Content starts

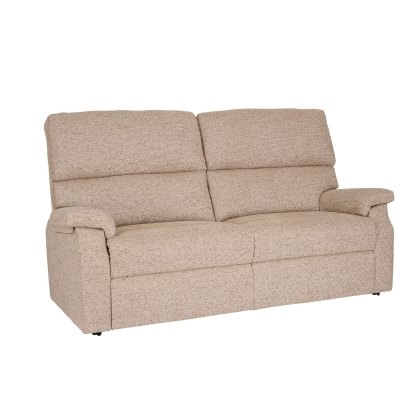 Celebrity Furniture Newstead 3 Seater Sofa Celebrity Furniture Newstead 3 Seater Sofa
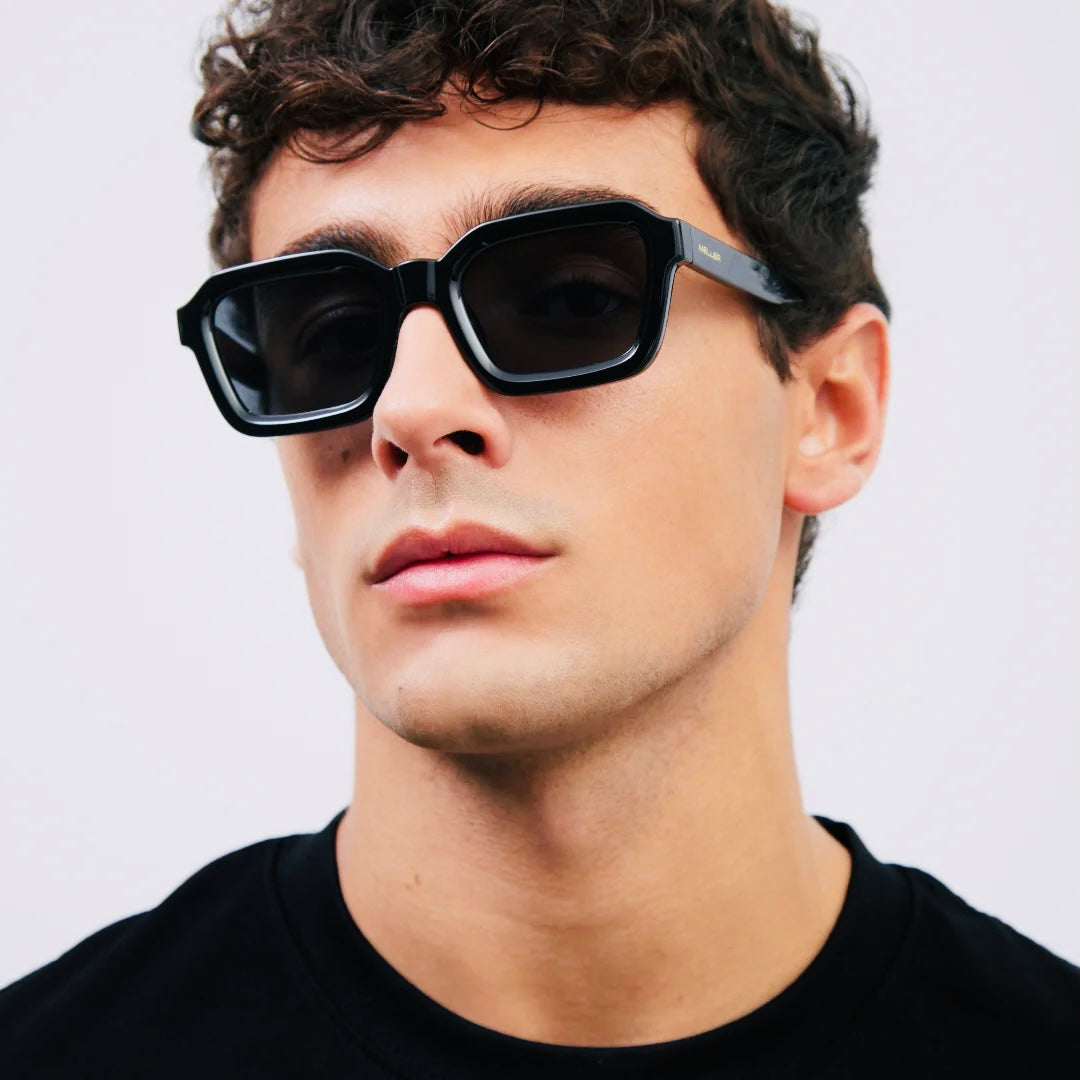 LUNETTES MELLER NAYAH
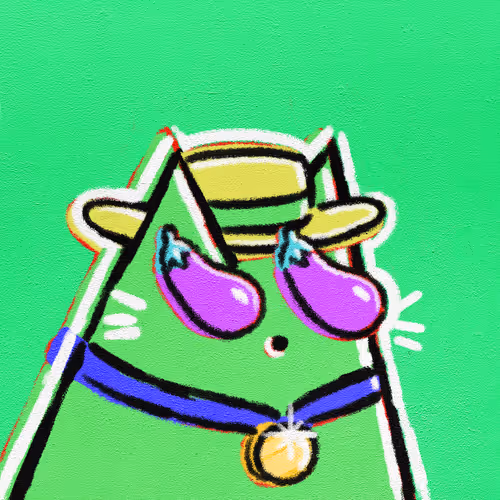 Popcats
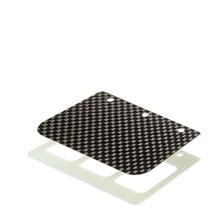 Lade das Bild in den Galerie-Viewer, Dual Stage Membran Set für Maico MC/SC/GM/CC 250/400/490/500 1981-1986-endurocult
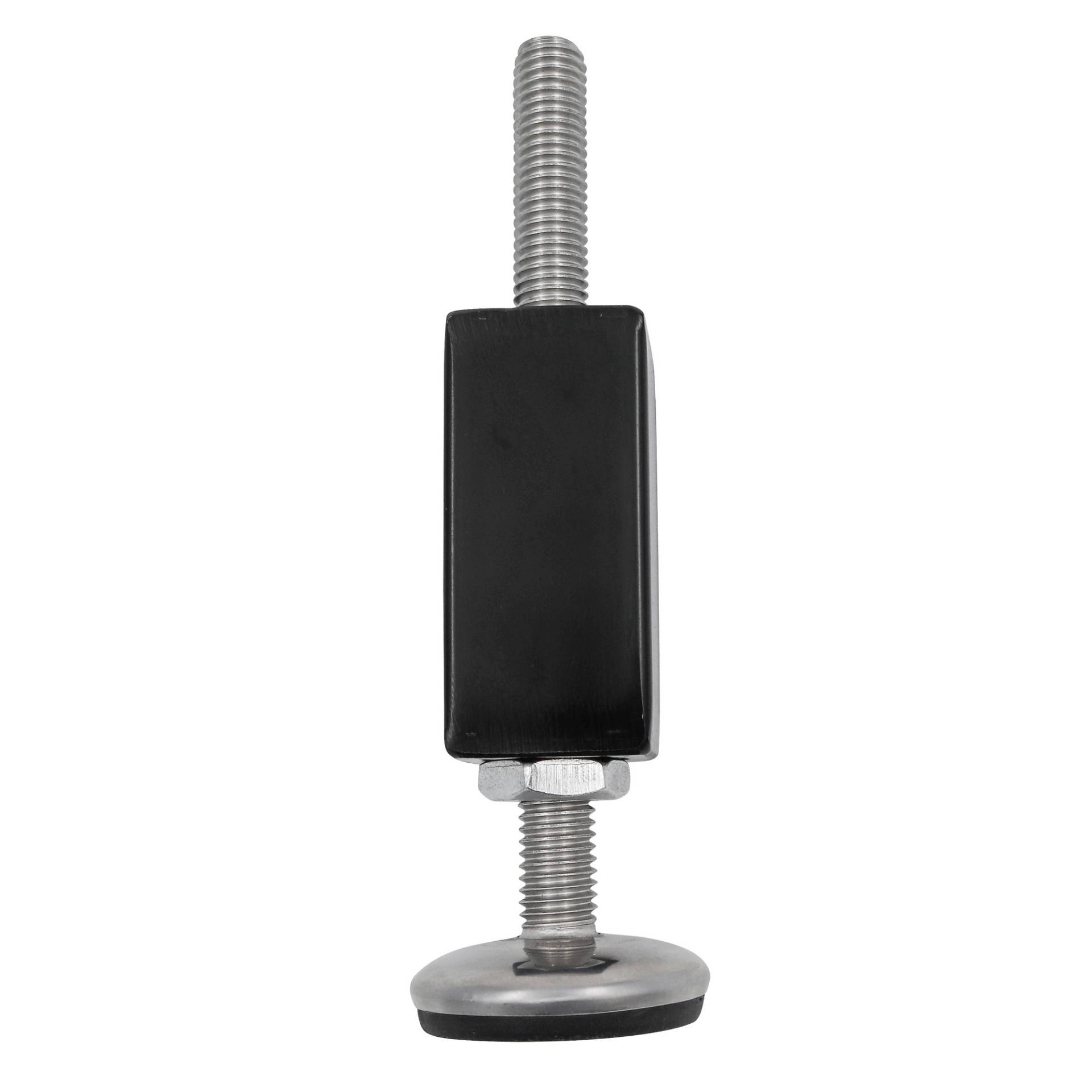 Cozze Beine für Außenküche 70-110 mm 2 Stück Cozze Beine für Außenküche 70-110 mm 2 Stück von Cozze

Content ends

Set down the data above exactly as written. Omit the pictures.

 Celebrity Furniture Newstead 3 Seater Sofa Celebrity Furniture Newstead 3 Seater Sofa
 LUNETTES MELLER NAYAH
 Popcats
 Lade das Bild in den Galerie-Viewer, Dual Stage Membran Set für Maico MC/SC/GM/CC 250/400/490/500 1981-1986-endurocult
 Cozze Beine für Außenküche 70-110 mm 2 Stück Cozze Beine für Außenküche 70-110 mm 2 Stück von Cozze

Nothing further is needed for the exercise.